● **EXTRACTED INFORMATION**
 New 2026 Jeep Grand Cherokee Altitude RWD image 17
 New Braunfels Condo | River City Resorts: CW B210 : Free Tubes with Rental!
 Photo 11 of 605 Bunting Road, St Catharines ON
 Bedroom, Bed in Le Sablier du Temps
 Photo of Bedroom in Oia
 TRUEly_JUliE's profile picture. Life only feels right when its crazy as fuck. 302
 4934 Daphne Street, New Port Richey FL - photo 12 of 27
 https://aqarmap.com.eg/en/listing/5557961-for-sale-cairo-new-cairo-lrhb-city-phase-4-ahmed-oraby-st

● **PROBLEM**
How many lines of the listing contain the word "Bedroom"? Reply with only the number.

● **ANSWER TO THE EXERCISE**
2